Back when I first got married, I was always so sad to see my husband leave. And, so excited to see him every single time he came home.
When we got back from our honeymoon & he had his first day back on the job, I think I cried. Let me think a second... Yep. I know I cried. So hard to be left alone, when I love you so much. (sob, sob, sob...) And then, just as I was getting used to the whole "husband going to work thing", I got sick. I was so distraught that he had to go to work & leave me at home. Sick. By myself. Bored. Alone. (I was not super ill, folks. I probably had a low grade fever or something... But, I didn't remember this ever happening to me. Seriously. I had lived at home my whole life & with 11 other people in the house, was almost never alone.)
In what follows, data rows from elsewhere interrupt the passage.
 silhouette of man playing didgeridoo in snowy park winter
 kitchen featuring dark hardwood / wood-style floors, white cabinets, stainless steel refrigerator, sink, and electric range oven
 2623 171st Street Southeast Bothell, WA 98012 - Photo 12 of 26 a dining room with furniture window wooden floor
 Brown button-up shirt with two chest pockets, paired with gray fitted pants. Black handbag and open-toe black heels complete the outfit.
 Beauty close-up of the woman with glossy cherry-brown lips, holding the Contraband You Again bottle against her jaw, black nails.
Then serious grief came our way. I often recall one morning when I was crying a lot & felt especially needy. Scott came home for lunch and we had a good talk & I cried more with him. Then, he had to go back to work. I was shocked. I still needed him here. How could he leave me at a time such as this? He knew I was sad. He told me to take my cares to Jesus. Well. That made me mad. How could he just be so pietistic & just tell me to pray about it?
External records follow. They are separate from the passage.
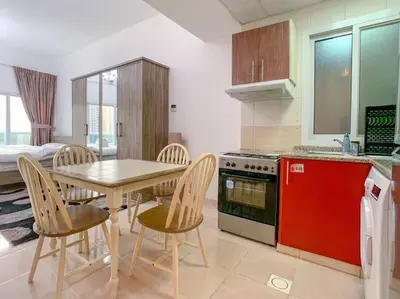 a kitchen with a table and chairs and a red refrigerator at StoneTree - Furnished Studio in Peaceful Location in Dubai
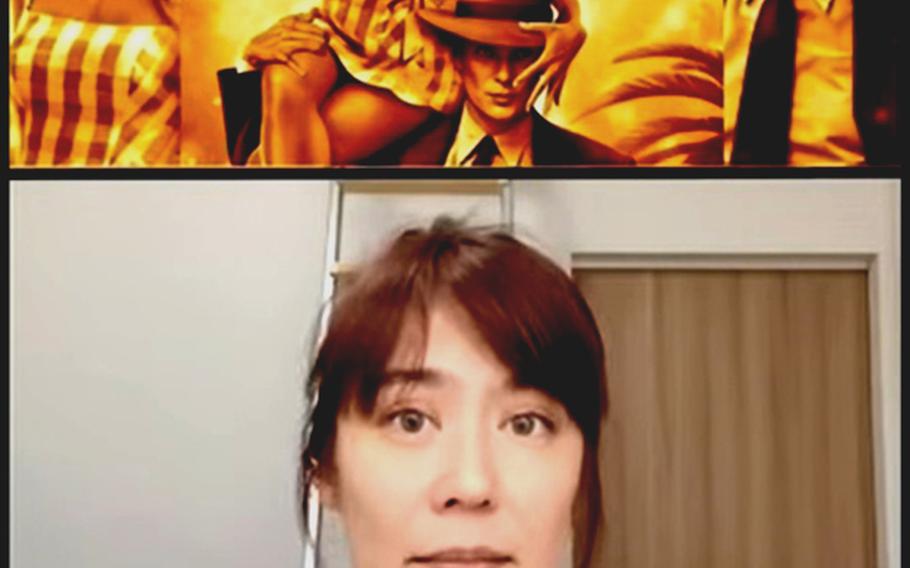 Sachiko Ishikawa, a YouTube video blogger from Tokyo, talks about the "Barbenheimer" controversy in Japan against a backdrop of the fan poster on  Aug. 9, 2023. 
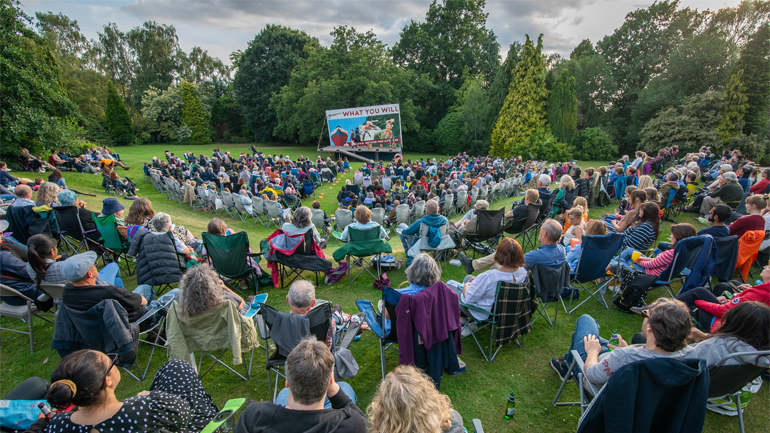 Audience watching a performance of Twelfth Night in a park.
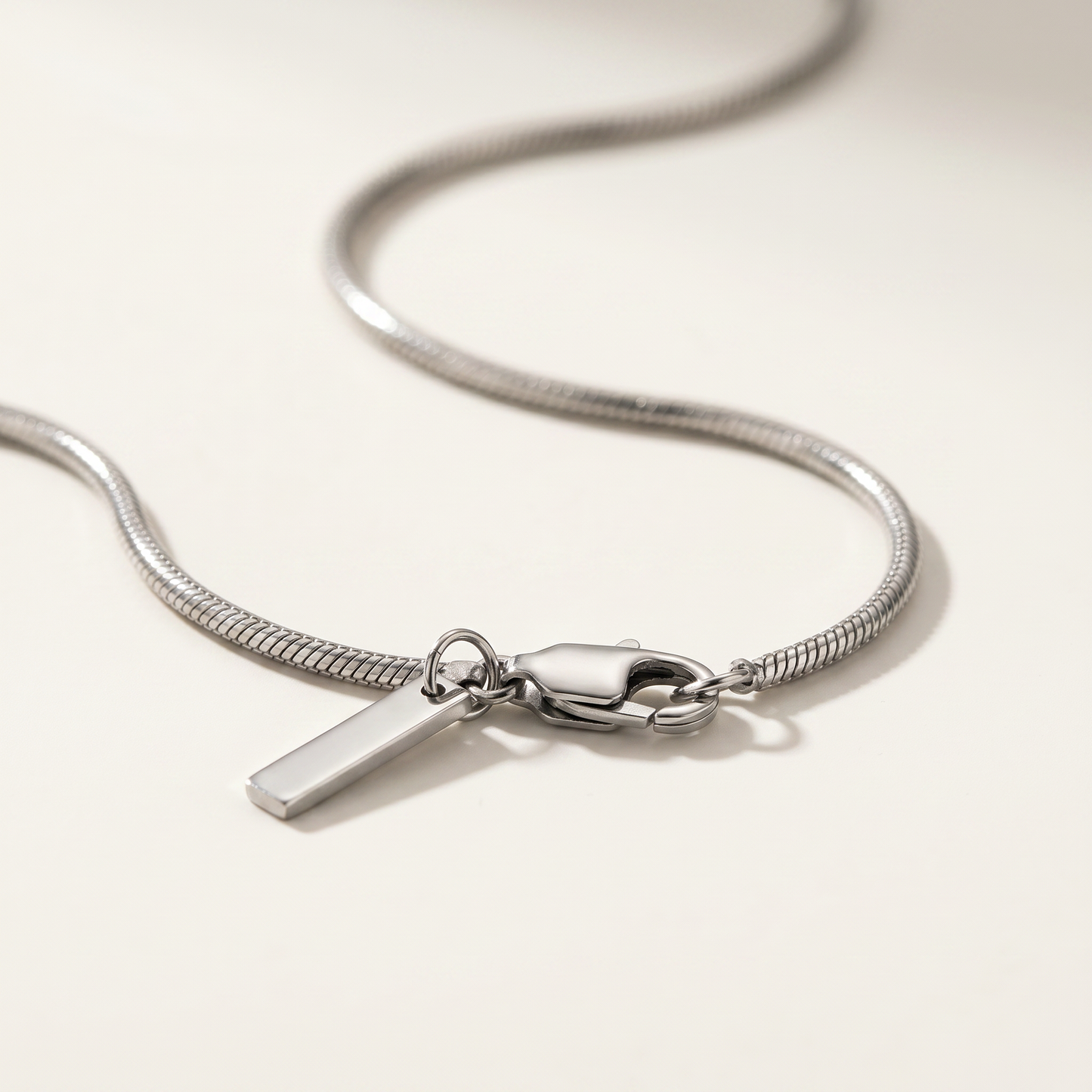 Close-up of the silver chain links and bar tag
After grumbling for a while & feeling sorry for myself, I guess I stopped & looked to Jesus long enough to realize the truth. The truth is, Scott was right. The truth is, Scott is only my husband. He can't be there to hear all the groanings & troubles & sorrows & worries of my heart. God is God. My husband is not God. Jesus is there for me, to hear my cares. And, he understands them. Like no one else ever can.
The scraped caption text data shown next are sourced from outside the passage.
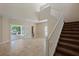 Open living room with high ceilings, tile flooring, and stairs to the second floor at 1111 Guernsey St, Orlando, FL 32804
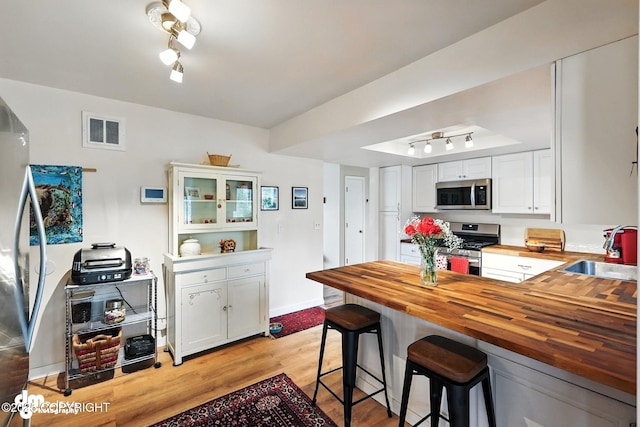 222 Crest Dr, Soldotna, AK 99669 - kitchen with appliances with stainless steel finishes, butcher block countertops, light wood-type flooring, white cabinetry, and track lighting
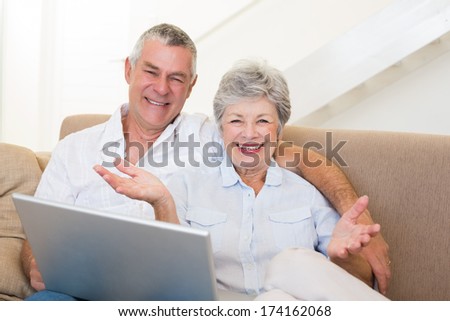 Portrait of happy senior couple with laptop on sofa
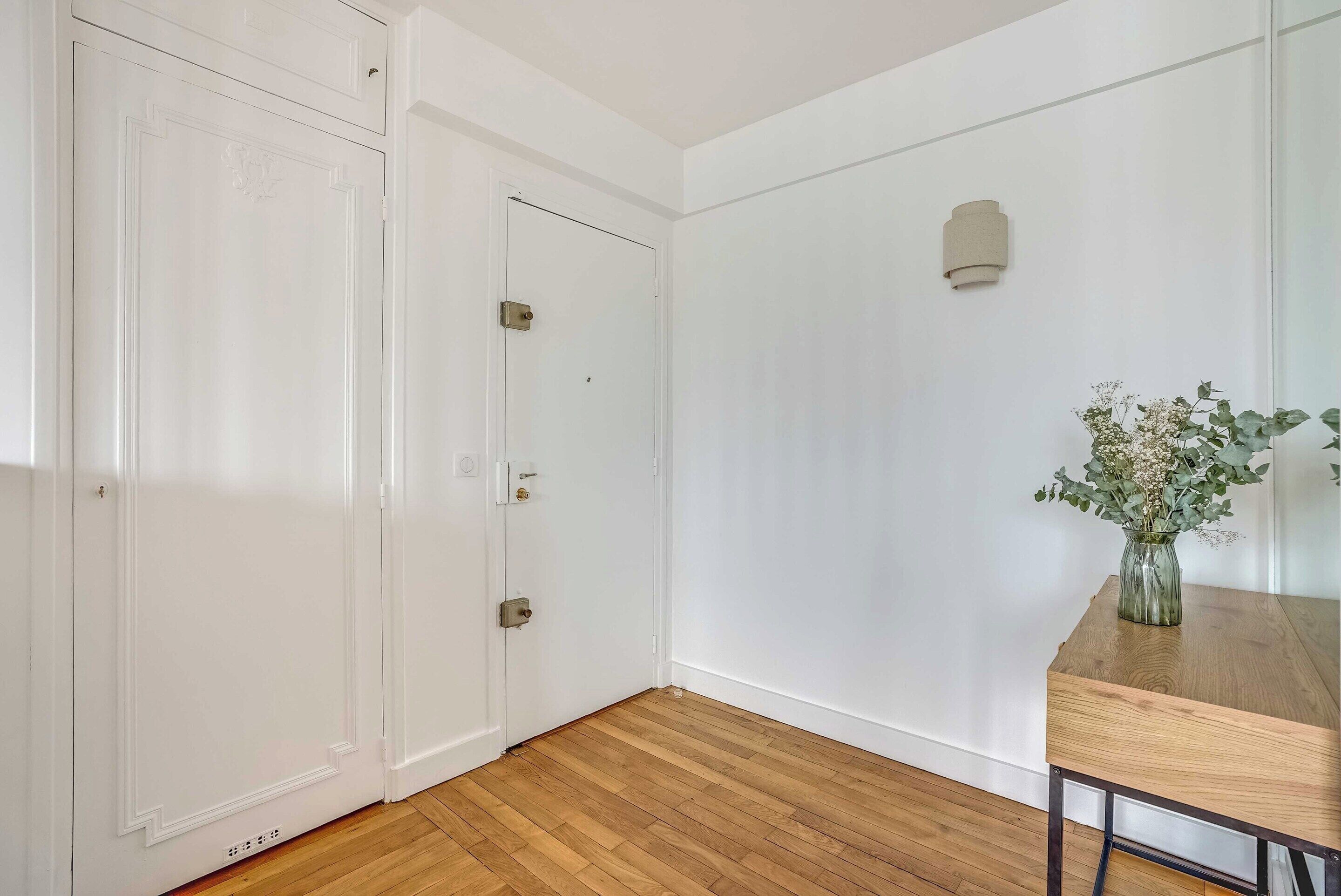A room with a wooden floor, white walls, a wooden table with a vase, and a door with a handle.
Dear reader, always be aware to keep God in His throne & your spouse(friends, parents, children..) in there own place. Do not let your love turn to idolatry.
God will give you all the grace you need. No one else can fill all of your voids. Only Jesus can. You will never be happy & content, as long as you look to your idols to meet your needs.
My husband has seasons of travel for his work. Sometimes we can tag along. Sometimes we can't. Sometimes he just works really long hours & I have the kids by myself from dawn to dusk. And you know what? That's okay. God's grace is sufficient. I don't want to grumble. I want to be thankful that he has a great job that he loves so much. And, most of all, I want to be thankful that Jesus will sustain me through whatever He calls me to. I don't need to throw myself across the couch & sob all day.
I do still want to be super excited to see my husband every time he comes home. That's a good thing.